INSTRUCTIONS FOR THE TASK = Set out exactly every line of the entries below, starting at the line that holds "1m 3-in-1 Charging" and stopping after the line that holds "Ballon Date Bingo Card".
DATA TO PROCESS below:
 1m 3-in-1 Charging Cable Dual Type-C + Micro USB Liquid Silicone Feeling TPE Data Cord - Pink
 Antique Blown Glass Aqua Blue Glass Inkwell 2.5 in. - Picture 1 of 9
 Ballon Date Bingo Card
End of DATA TO PROCESS.
DATA TO PROCESS below:
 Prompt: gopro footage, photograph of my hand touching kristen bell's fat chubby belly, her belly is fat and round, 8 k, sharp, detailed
End of DATA TO PROCESS.
RESPONSE BELOW =
 1m 3-in-1 Charging Cable Dual Type-C + Micro USB Liquid Silicone Feeling TPE Data Cord - Pink
 Antique Blown Glass Aqua Blue Glass Inkwell 2.5 in. - Picture 1 of 9
 Ballon Date Bingo Card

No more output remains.